EXERCISE AIM
Begin the copy at the line containing "As seen on 2D" in the data below and end it at the line containing "Welcome everyone. In", keeping each line exact and leaving out pictures.

DATA IN THIS EXERCISE
▬▬▬▬▬▬▬▬▬▬
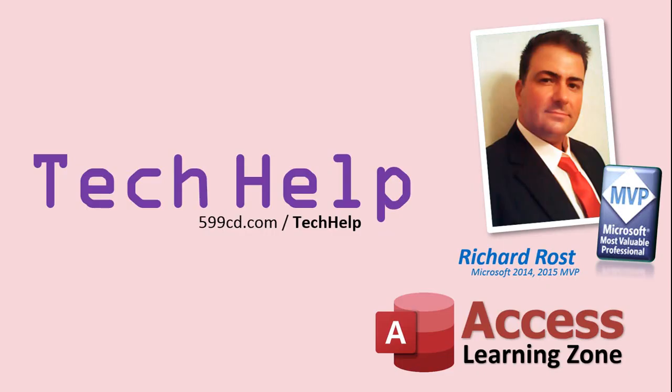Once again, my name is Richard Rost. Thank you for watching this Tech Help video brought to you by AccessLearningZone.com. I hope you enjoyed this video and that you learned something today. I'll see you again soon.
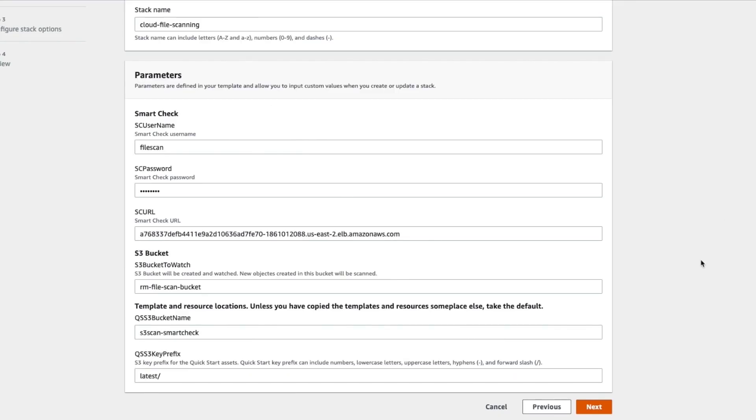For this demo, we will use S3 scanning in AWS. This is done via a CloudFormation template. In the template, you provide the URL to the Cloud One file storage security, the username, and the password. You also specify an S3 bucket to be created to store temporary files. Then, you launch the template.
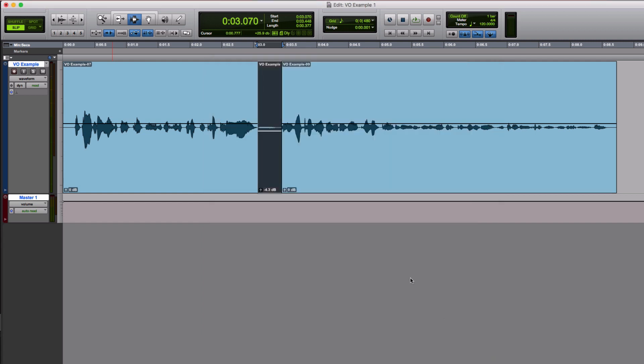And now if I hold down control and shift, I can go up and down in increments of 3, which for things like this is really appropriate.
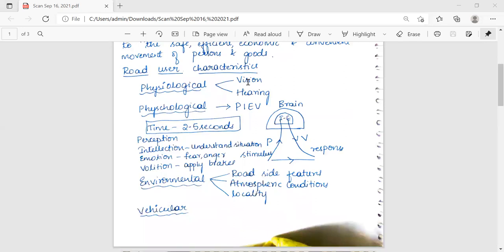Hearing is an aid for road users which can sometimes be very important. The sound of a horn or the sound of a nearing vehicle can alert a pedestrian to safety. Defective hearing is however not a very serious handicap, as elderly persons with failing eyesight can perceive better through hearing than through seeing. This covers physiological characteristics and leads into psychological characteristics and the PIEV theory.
▬▬▬▬▬▬▬▬▬▬
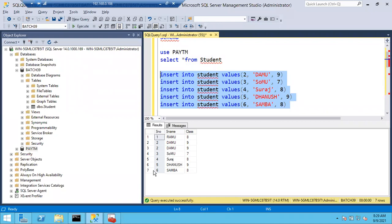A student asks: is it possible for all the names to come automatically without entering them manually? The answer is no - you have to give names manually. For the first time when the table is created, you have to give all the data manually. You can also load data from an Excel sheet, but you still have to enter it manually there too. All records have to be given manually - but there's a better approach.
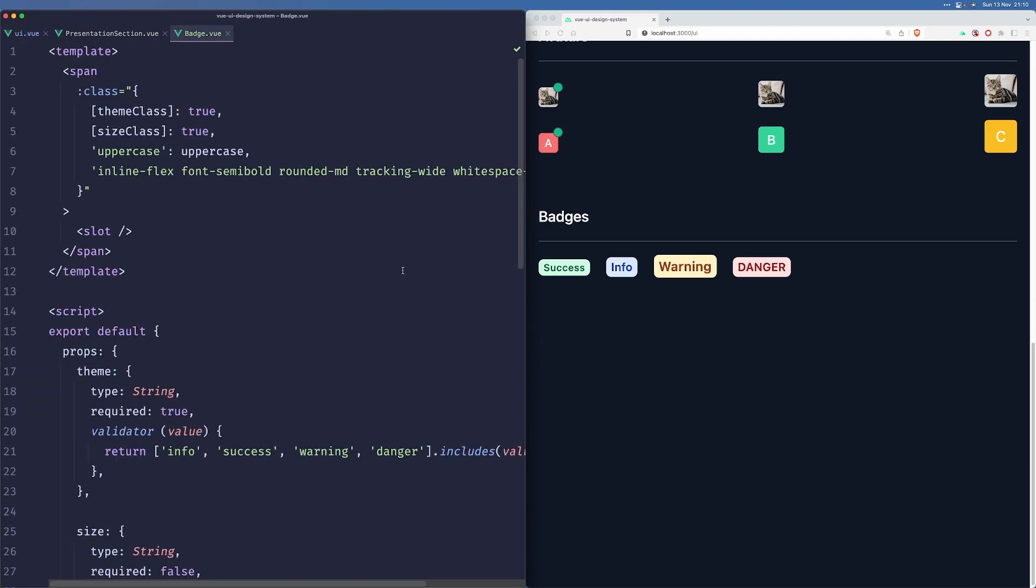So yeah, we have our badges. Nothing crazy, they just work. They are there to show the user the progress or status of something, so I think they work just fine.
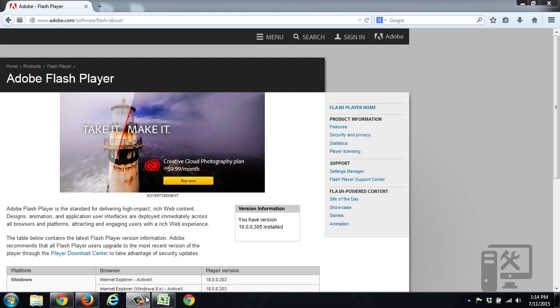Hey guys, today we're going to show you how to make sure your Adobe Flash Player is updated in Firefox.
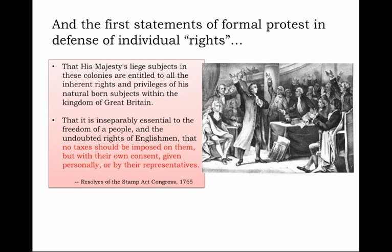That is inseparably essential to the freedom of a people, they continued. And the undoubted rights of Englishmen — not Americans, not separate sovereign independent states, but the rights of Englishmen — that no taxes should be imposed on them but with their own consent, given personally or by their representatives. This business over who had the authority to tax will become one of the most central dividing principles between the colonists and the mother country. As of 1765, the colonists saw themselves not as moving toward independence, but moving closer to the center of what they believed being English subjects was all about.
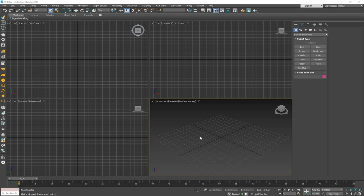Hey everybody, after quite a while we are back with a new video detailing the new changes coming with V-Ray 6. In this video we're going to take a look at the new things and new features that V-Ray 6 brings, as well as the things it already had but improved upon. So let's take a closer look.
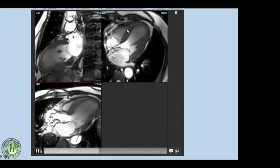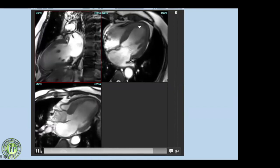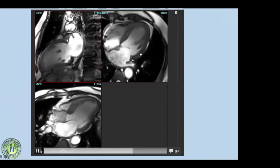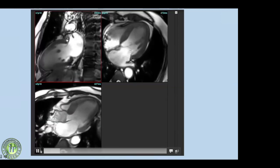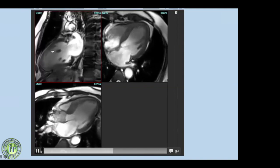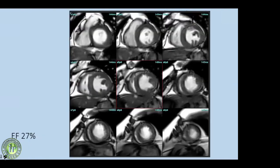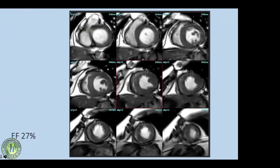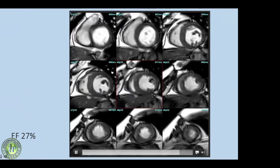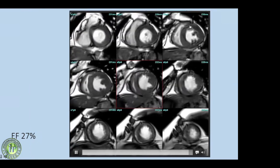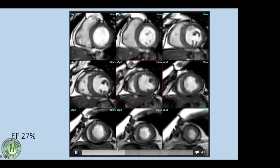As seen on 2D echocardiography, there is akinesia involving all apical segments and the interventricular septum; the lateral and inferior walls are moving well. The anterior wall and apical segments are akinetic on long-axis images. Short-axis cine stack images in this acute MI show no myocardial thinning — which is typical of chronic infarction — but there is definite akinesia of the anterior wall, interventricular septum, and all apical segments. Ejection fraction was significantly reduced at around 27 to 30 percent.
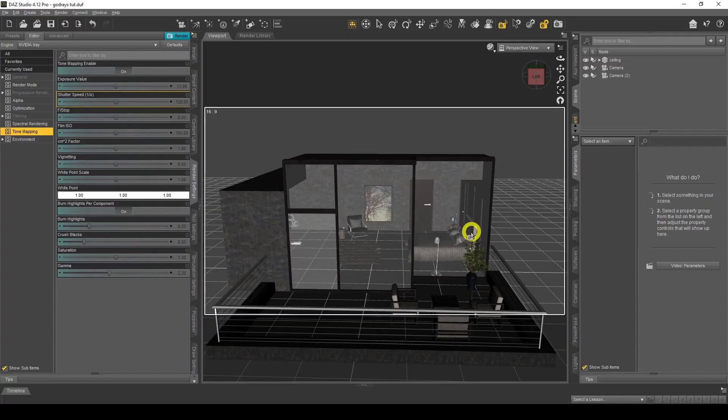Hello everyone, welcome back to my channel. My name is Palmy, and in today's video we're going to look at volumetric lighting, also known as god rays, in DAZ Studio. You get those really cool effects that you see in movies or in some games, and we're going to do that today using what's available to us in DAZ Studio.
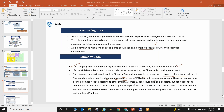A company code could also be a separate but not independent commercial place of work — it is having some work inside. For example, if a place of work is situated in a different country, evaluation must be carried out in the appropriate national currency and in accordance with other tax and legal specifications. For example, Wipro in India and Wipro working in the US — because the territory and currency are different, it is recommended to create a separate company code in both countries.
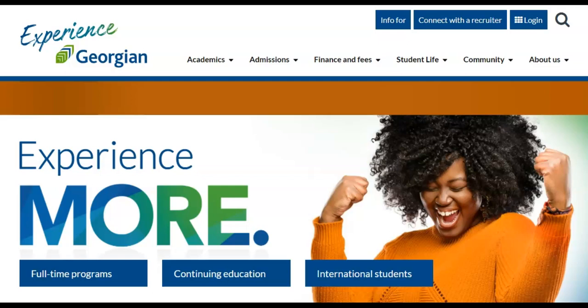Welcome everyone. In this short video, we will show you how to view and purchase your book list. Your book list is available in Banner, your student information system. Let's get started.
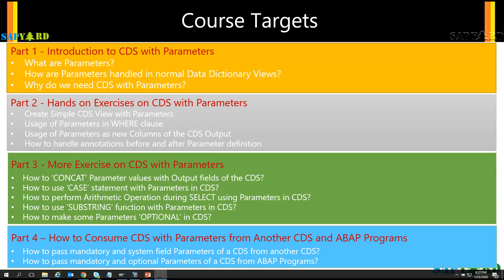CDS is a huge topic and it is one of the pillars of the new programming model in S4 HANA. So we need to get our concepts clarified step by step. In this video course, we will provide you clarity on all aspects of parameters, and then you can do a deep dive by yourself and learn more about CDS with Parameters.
▬▬▬▬▬▬▬▬▬▬
RESULT FOR THIS EXERCISE
As seen on 2D echocardiography, there is akinesia involving all apical segments and the interventricular septum; the lateral and inferior walls are moving well. The anterior wall and apical segments are akinetic on long-axis images. Short-axis cine stack images in this acute MI show no myocardial thinning — which is typical of chronic infarction — but there is definite akinesia of the anterior wall, interventricular septum, and all apical segments. Ejection fraction was significantly reduced at around 27 to 30 percent.
Hello everyone, welcome back to my channel. My name is Palmy, and in today's video we're going to look at volumetric lighting, also known as god rays, in DAZ Studio. You get those really cool effects that you see in movies or in some games, and we're going to do that today using what's available to us in DAZ Studio.
A company code could also be a separate but not independent commercial place of work — it is having some work inside. For example, if a place of work is situated in a different country, evaluation must be carried out in the appropriate national currency and in accordance with other tax and legal specifications. For example, Wipro in India and Wipro working in the US — because the territory and currency are different, it is recommended to create a separate company code in both countries.
Welcome everyone. In this short video, we will show you how to view and purchase your book list. Your book list is available in Banner, your student information system. Let's get started.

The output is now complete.